岡村さんを写真家として有名にしたのはベトナム戦争です。「醜いベトナム戦争」と題する9ページにわたる記事が米国『LIFE』誌に掲載されたのは1964年のこと。その後、南ベトナム政府から5年間の入国禁止処分を受け、その間に取材対象となったのが北アイルランドでした。

 

岡村さんの写真の特徴として一目でわかるのはカラーであること。当時は新聞が主な発表媒体でしたからほとんどの報道写真はモノクロです。北アイルランド紛争の写真でカラーなのはあまり見たことはありません。岡村さんは『LIFE』誌などの雑誌への掲載を狙っていたのでカラーで撮っていたようです。

 

また、岡村さんは心情的には被抑圧者という立場のアイルランドに思いをよせていたようですが、部外者/アウトサイダーの目で一歩引いたところから現場をとらえているようです。

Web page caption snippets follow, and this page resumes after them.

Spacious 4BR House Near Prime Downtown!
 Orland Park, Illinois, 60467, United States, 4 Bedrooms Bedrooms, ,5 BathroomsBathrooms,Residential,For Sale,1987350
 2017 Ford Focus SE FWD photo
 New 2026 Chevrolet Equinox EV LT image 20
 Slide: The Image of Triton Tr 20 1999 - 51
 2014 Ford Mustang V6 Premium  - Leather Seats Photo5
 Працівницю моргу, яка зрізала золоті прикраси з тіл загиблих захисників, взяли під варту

しかも、暴力の現場というよりも、暴力と暴力のすきまの時間を捕えた写真が数多くあります。手持無沙汰の兵士、焼けただれた家の前でたたずむ人、路面に残る血のりと死者を悼む黒旗など。

 

特に印象に残るのはきれいに整列した6本の牛乳瓶。配達されたばかりなのか封はされたままです。毎朝の規則的な日常の光景なのですが、飲み干された後の牛乳瓶は何に使われるのか。北アイルランド紛争を知っている人ならピンとくるはずです。

 

岡村さんは実際にアイルランドに何年か住んでいたそうです。アイルランドで子供も生まれ、そのうちの少なくともお1人はそのままアイルランド人としてこの国に暮らしています。メディアの取材にも応えていらっしゃいました。

 

写真展では岡村さんに関する短いドキュメンタリー映像も見られるんですが、岡村さんの写真はこれまでアイルランドでもほとんど知られることがなかったそうです。

 

岡村昭彦写真展は6月6日まで。日曜と月曜はお休み。入寮無料です。